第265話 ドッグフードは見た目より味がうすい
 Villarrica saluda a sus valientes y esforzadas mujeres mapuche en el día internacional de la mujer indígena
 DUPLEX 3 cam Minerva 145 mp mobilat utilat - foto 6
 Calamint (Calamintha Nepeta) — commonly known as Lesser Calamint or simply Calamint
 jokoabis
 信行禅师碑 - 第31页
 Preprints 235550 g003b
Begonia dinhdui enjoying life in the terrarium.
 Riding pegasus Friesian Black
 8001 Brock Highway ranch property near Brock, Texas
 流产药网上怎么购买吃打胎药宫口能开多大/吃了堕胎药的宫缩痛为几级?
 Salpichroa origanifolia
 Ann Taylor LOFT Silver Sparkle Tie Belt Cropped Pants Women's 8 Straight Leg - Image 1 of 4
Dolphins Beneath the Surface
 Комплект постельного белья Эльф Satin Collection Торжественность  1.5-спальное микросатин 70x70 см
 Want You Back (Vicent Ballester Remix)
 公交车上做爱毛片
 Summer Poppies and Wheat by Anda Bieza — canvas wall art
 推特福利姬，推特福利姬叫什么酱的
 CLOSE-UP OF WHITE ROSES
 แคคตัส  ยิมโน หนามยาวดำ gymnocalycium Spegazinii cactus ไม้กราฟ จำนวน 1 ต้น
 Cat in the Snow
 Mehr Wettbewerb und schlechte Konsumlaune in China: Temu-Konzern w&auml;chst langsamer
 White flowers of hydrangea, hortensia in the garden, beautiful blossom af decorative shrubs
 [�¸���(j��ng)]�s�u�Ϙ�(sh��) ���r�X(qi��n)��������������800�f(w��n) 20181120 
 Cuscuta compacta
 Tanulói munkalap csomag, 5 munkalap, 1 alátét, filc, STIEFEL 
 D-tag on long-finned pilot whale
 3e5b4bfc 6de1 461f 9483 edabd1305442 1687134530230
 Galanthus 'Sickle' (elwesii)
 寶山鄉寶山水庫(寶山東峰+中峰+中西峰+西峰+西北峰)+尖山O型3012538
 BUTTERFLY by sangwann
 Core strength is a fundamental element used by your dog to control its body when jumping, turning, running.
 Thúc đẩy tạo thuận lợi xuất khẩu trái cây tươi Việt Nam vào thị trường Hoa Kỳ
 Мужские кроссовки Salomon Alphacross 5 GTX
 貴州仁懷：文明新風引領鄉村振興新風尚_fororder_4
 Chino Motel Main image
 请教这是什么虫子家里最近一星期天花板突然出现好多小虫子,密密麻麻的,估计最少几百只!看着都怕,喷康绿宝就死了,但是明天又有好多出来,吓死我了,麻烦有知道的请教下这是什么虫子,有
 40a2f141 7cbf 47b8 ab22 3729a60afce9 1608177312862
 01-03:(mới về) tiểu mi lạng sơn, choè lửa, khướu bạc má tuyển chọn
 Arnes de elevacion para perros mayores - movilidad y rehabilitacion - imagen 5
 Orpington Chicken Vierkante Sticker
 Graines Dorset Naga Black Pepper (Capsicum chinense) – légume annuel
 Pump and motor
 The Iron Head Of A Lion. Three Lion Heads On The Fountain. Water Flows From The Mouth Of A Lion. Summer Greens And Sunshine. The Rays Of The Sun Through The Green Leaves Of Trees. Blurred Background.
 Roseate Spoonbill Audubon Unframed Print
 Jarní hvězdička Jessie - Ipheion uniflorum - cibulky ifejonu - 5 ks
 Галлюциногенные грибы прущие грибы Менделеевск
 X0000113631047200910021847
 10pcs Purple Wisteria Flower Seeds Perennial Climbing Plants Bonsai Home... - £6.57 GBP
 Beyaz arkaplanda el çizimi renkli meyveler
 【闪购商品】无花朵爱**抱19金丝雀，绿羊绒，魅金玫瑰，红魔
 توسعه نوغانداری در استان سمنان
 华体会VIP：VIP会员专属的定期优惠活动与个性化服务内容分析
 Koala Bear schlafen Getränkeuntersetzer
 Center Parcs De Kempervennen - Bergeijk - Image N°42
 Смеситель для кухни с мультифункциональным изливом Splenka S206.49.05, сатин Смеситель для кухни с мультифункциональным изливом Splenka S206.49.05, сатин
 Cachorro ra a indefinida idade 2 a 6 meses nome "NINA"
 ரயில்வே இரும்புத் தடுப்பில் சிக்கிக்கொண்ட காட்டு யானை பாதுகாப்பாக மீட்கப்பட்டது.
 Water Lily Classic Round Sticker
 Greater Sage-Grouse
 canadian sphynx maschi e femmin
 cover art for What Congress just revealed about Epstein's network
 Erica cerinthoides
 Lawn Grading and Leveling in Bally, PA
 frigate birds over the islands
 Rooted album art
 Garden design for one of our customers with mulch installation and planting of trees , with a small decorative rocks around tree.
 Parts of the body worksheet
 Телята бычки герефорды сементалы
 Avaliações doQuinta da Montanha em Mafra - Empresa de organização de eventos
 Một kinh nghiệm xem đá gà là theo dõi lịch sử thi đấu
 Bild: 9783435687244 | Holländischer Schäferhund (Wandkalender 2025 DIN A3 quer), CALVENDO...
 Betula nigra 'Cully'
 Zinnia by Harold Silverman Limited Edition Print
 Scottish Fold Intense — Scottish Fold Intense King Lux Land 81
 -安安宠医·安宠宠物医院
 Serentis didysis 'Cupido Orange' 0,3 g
....................
_Exercise objective:_
The required reply is the count of lines in the entries above where the string "Sticker" appears, and nothing more.

_Solution below:_
2